There are two other items of evidence relied upon by the appellee which we regard as of little probative value. One is the testimony of his brother and aunt that his automobile did not run well or at all during February, 1938, because of some obstruction in the gas line. The other is the certificate of the doctor who attended the appellant, which left the name of the father of the child blank. The former evidence is too indefinite and unsubstantial, and the latter is explained by the fact that the certificate was not made out by the doctor himself, and that he did not ask nor did the mother say anything to him about who the father was. The doctor so testified.
The recitation of the evidence in so great detail has been in recognition of our duty to appraise the substantiality of the evidence and the circumstances and to decide so delicate a question.

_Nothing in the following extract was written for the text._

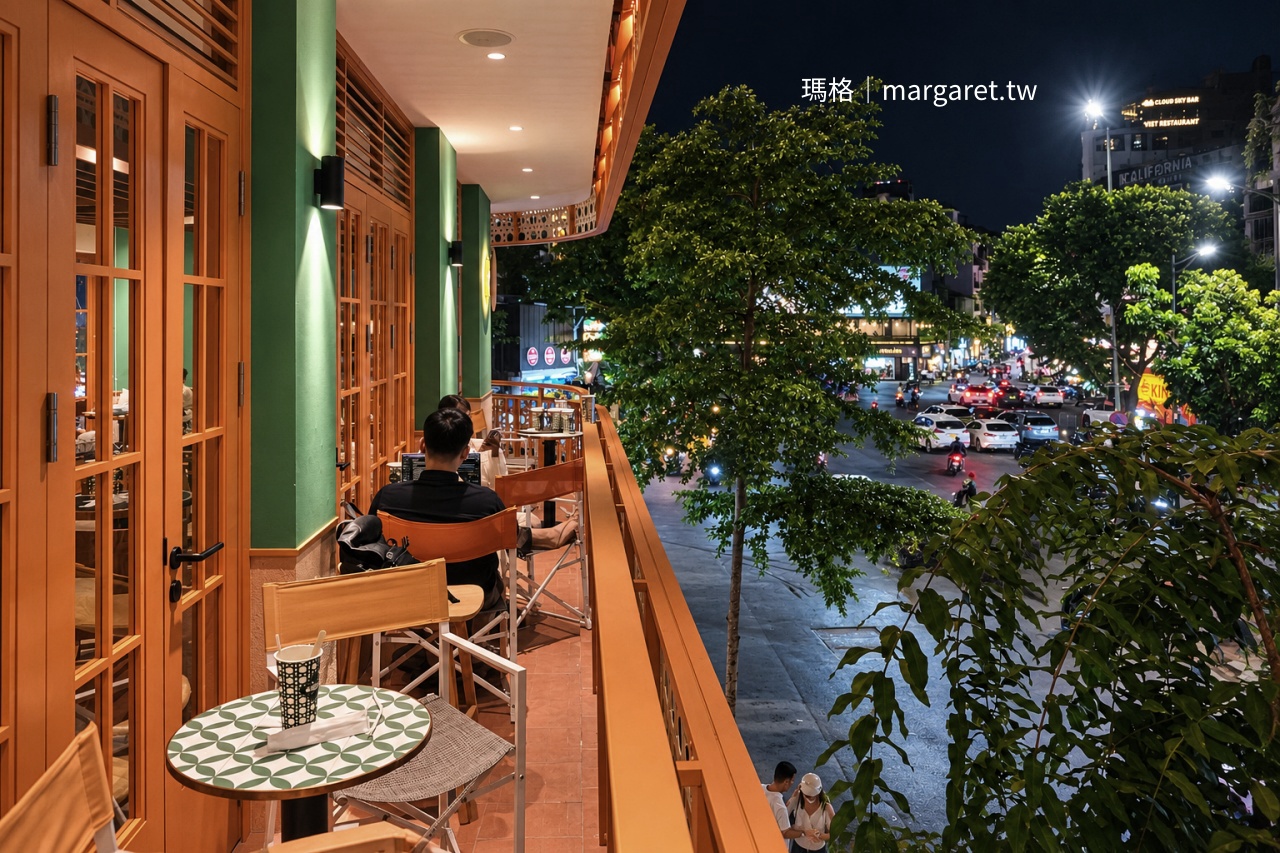 Phúc Long Hàng Điếu 二樓戶外席與雨後河內街景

To impose a spurious offspring upon a man would be a grave error; but to impose mistakenly the brand of a bastard upon an innocent *11
child, with the consequences, would be a greater error and a tragedy indeed. The selfish nature or one or the other of these parties, which has caused him or her to conceal the truth so peculiarly within his or her possession, has imposed the responsibility upon the courts of endeavoring to ascertain the truth from a record of contradictions. We can only determine that by weighing the evidence in the scales provided by the law and testing it by the formulas established by the experience of the centuries. Doing so, we reach the conclusion that the appellee failed to sustain his charge of illegitimacy and, therefore, reverse the judgment of the trial court to the contrary. Gravely v. Gravely,
The first child seems to be well cared for in the home of appellee's aunts with whom he lives and provision is made for her mother to see her at reasonable times. The appellant and her family are poverty stricken. The trial court, of course, has authority to modify that part of the judgment at any time. To that extent the second judgment is affirmed.
The finding that the former husband is the father of the second child puts the duty upon him of supporting her. The first judgment should have awarded some alimony or maintenance to the wife. The two judgments are reversed to the extent that this was denied. Under the circumstances we think an allowance of $50 a month should be made the former wife for the maintenance of herself and child. Cf. Whaley v. Whaley,
Whole Court sitting, except Judge Rees, who is absent.